L’enfant plus que l’adulte  sait observer ce qui se passe en lui. Il découvre très vite que son cœur est habité de pensées bonnes et de pensées mauvaises. Il sait aussi que des sentiments parcourent son âme. Il a un sens de la beauté, de la justice, de la droiture. Mais  il ne sait pas mettre un nom sur l’origine de ces phénomènes, il ne sait pas que Dieu travaille en lui, mais il en constate les effets dans sa naïveté.  Pourtant,  très vite les adultes interviennent  pour expliquer ces mystères et pour lui indiquer la bonne voie à suivre et l’enfant perd sa candeur. Très vite ses parents puis ses enseignants vont lui apprendre à maîtriser le cours de ses émotions, et ils vont lui enseigner en même temps tout ce qu’il faut savoir  sur Dieu sur le péché sur la loi et l’enfant passe de la spontanéité  enfantine à la raison de l’adulte. 

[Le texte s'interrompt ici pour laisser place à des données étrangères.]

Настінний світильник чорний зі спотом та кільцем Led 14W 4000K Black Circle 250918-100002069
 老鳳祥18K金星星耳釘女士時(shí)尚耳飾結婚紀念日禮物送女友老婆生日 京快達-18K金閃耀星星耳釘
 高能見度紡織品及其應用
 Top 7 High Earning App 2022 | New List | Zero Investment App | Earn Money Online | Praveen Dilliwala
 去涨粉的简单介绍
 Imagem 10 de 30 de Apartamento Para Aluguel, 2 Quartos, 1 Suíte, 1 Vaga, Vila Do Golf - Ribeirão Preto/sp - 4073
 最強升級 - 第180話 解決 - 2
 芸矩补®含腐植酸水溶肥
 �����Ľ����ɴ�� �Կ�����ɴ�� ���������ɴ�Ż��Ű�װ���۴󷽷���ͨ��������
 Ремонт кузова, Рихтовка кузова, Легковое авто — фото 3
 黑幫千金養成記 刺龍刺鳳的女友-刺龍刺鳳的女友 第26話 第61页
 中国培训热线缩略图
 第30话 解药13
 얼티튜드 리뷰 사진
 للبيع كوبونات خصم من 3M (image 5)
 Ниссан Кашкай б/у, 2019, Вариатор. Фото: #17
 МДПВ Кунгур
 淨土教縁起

L’enfant va  alors apprendre  ce que les hommes savent depuis des siècles sur  Dieu, et c’est ainsi qu’il deviendra un  adulte bien élevé et un croyant honnête face à Dieu. Mais Jésus trouve que les choses vont trop vite et que l’on ne s’arrête pas assez sur cette naïveté de l’enfant  qui lui permet d’entendre Dieu et de le repérer avant même qu’on lui ait enseigné à le faire.

Ainsi sans que les adultes, parents ou éducateurs s’en souviennent,  leur premier contact avec Dieu s’est fait à partir  d’observations et d’expériences  de vie intérieure  qu’ils ont faites quand ils étaient enfants et qu’ils ont gardées pour eux-mêmes, dans l’incapacité qu’ils étaient de pouvoir l’exprimer. Ce Dieu tout à l’intérieur d’eux-mêmes  a bien vite laissé la place   à un Dieu extérieur à eux-mêmes  qui avait les apparences que le monde des adultes avait bien voulu lui donner. 

Quelle que soit la façon dont les enfants entendent parler de Dieu par les adultes, cela  se passe  toujours de la même manière. Les adultes donnent une information sur Dieu sans se soucier des expériences  que peut avoir eu le petit enfant dans sa vie intérieure. 

Jésus sait bien, quant à lui, que ce sont les expériences de la vie intérieure qui nous amèneront les uns et les autres à une connaissance personnelle de Dieu. Il invite donc ceux qui l’écoutent   à  faire une descente au fond d’eux-mêmes avec la même naïveté que le ferait un enfant qui ne sait pas encore s’exprimer et qui découvre que « ça » parle au fond de lui, même s’il ne sait pas que c’est Dieu qui se manifeste à lui. Comme le fit Samuel enfant dans le sanctuaire. (1 Samuel 3-10) 

Dieu nous invite à retrouver une spontanéité intérieure qui  a été altérée par ce que l’éducation a apporté l’enfant  et qui a fait de Dieu une réalité extérieure à lui-même.  Devenu adulte, l’homme ne sait plus entendre quand  Dieu s’adresse  à lui au plus profond de son âme. Jésus ne méprise pas pour autant l’enseignement  de la loi, il ne rejette pas la tradition rapportée par les «Pères», elles sont des guides indispensables pour nous faire progresser en sagesse. Mais il dit aussi  que nous ne pouvons pas progresser dans la foi si nous n’essayons pas de converser avec Dieu dans notre intimité avec lui,  là où personne ne peut nous accompagner ni venir avec nous.  

Si aujourd’hui beaucoup d’hommes se détournent de Dieu, c’est parce qu’on leur a enseigné à se référer à un Dieu qui parle de l’extérieur d’eux-mêmes au travers des textes et des traditions. Ils découvrent que  ce Dieu là,  n’est pas en adéquation avec le monde moderne. Ceux qui désespèrent de ne pas trouver dans le Dieu que prêchent les hommes la voie de leur salut, le trouveront quand même s’ils essayent de  retrouver un cœur d’enfant et de s’émerveiller  de l’action de Dieu en écoutant ce qu’il leur dit au plus profond de leur personne.